Jesse Ed Rascoe [Ed Bartholomew]
The Golden Crescent; The Southwest Treasure Belt
(Toyahvale, Texas: 1962)
---
A scarce pamphlet on lost mines and lost treasures of the American Southwest. “Jesse Rascoe” (Ed Bartholomew) was well known for his meticulous research. He spent decades in the archives of early day newspapers, painstakingly taking down original accounts of outlaw plants, train robbers’ loot, bank robbers’ caches, and lost mines.
Here are countless stories of lost treasure in Texas (a paymaster’s cache, Comanchero Loot, much on Jim Bowie and the Lost San Saba Mines), New Mexico (the Padre Larue Mine, the Lost Adams Diggings: “Probably the most elusive and the most interesting of the lost mines of the Southwest”), Arizona (old Spanish Mines, and Rich Cities of the Dead, the Scalphunters), and California and Old Mexico.
There is also a plain tan cover edition. The contents are identical.
During “The Golden Age” of treasure hunting literature, many authors were content to simply “research” their books and magazine articles by borrowing from the works of others. Often they were not too particular from whom they took.

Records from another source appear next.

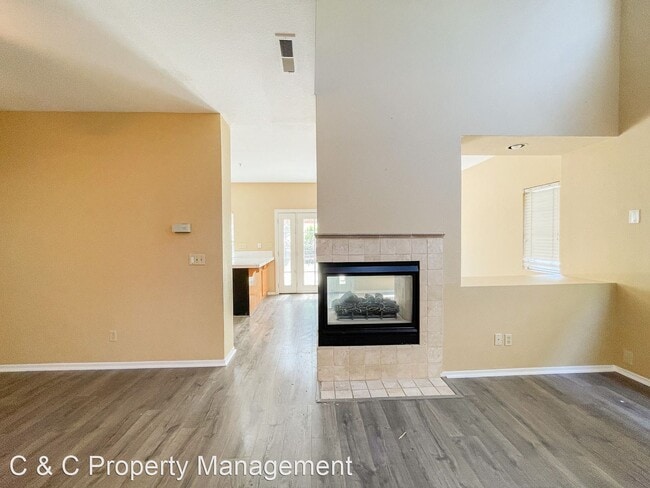 Building Photo - 3 br, 2.5 bath House - 18038 Stonehaven Drive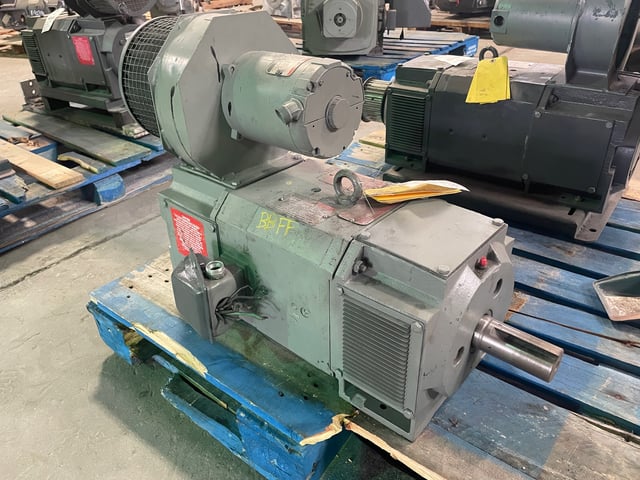 reliance 20 hp 1750 rpm sc2113atz dcmotors 92772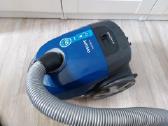 Dulkiu Siurblys Philips Xd3110 3000 Series - nuotraukos Nr. 14
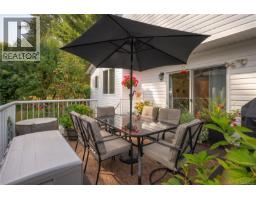 836 Glengarry Cres, Nanaimo, BC V9R6P3 Photo 43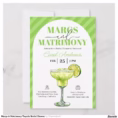 margs_matrimony_tequila_bridal_shower_invitation-r66c5e41675234a91a9f7aa113d82ad17_tcvt0_1500.jpg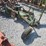 oliver-82--2-point-sickle-mower-image-5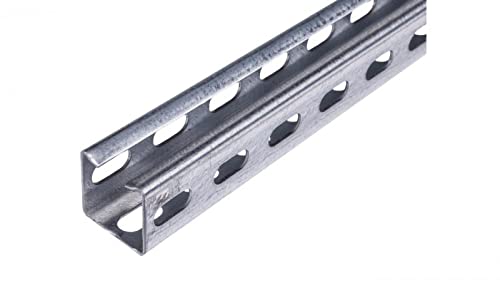 CWP 30H30/2 1,5MM 613620 baks 5900993003673 CWP 30H30/2 1,5MM 613620 baks 5900993003673 von baks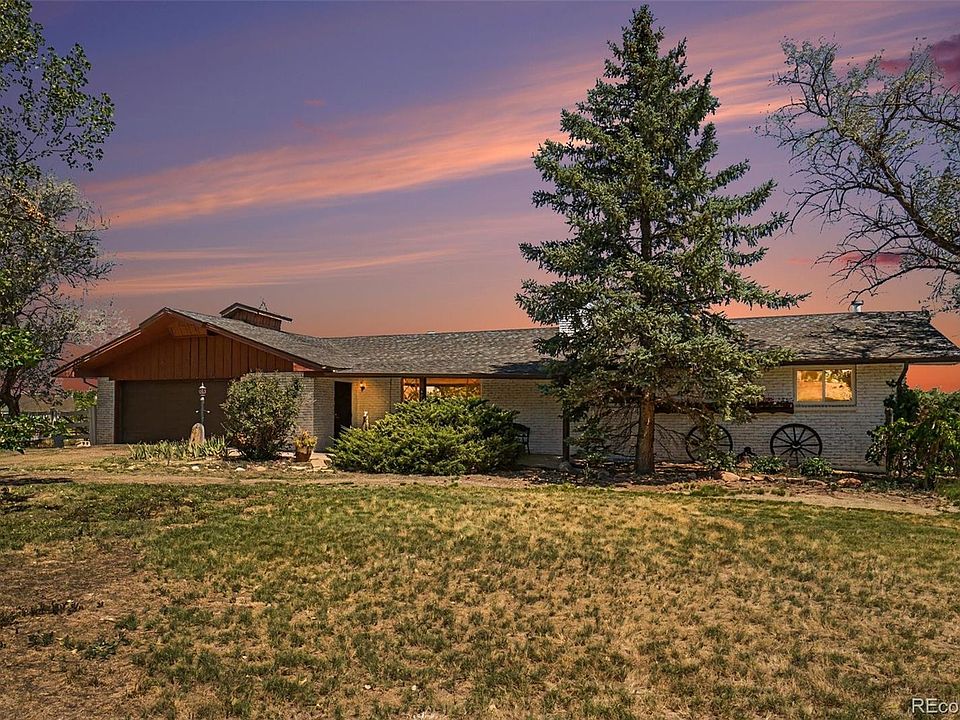 1st image of 4021 W 134th Place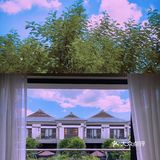 广东深圳周边游｜集美们的夏日狂欢🎊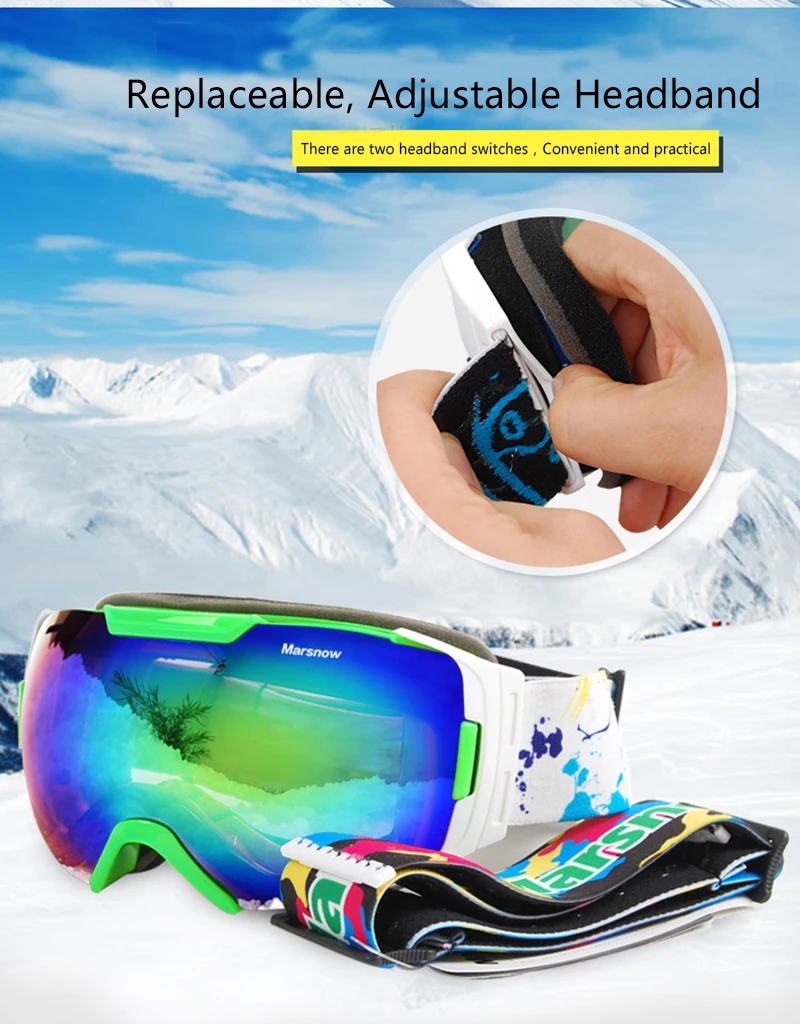 eyewear skiing (3)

Ed got very tired of this and finally published an article on the “Nelots” treasure. In due course Thomas Penfield published his version of this tale – remarkably similar to Ed’s.

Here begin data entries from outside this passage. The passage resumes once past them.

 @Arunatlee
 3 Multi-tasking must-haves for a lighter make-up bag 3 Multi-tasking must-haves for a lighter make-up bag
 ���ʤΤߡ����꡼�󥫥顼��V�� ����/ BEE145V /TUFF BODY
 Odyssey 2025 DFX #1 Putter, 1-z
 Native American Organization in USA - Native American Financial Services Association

Then Ed pointed out that Nelots spelt backwards is “Stolen!”
Karl von Mueller noted (
The Journals of El Dorado (1977)): “An excellent compilation of potential treasure sites…The author drew heavily from old newspaper accounts, military records, the Spanish archives, etc. to make this one of the most worthwhile treasure books ever published.”

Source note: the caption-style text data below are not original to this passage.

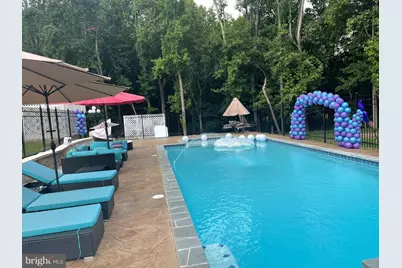 12508 Woodsong Lane, Bowie, MD 20721 - Photo 58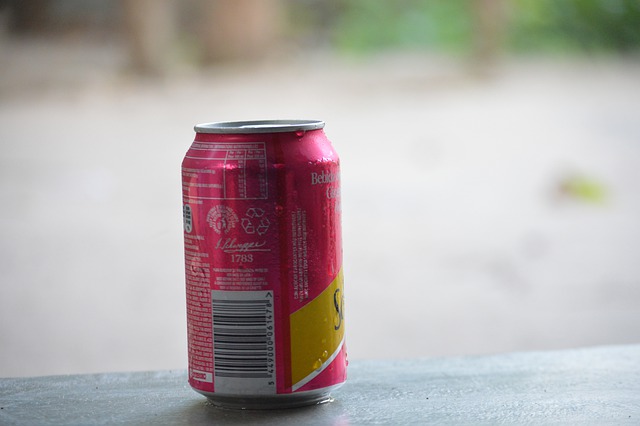 Free download drink soda can schweppes free picture to be edited with GIMP free online image editor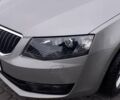Бежевый Шкода Октавия, объемом двигателя 1.8 л и пробегом 160 тыс. км за 11300 $, фото 30 на Automoto.ua
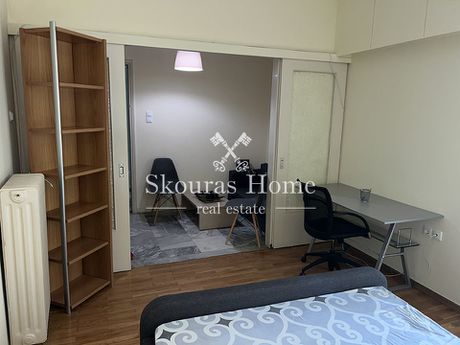Studio / γκαρσονιέρα 32τ.μ. για ενοικίαση-Ιωάννινα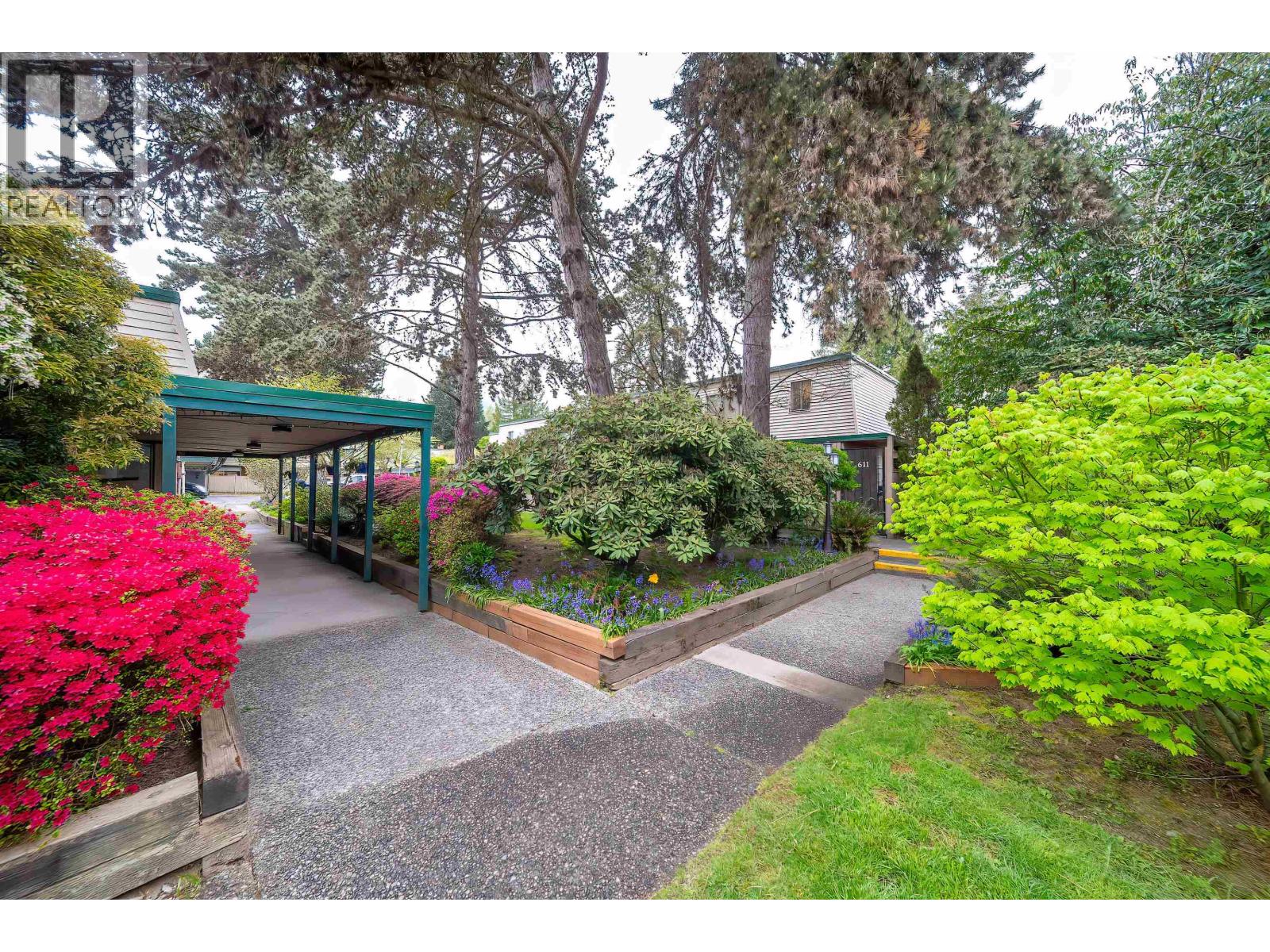750 Westview Crescent, Vancouver, British Columbia  V7N 3X8 - Photo 23 - R3119758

He is, no doubt, correct. This is one of the 10 absolutely essential books on lost mines and buried treasures.
Pages 6 (first text page) through 84 were reprinted by the author as Texas Buried Treasures (Fort Davis, Texas: 1972) and pages 91 through 156 were reprinted by the author as
Southwest Treasures (Ft. Davis, Texas: 1976).
There are three different covers - the two shown and a plain tan one.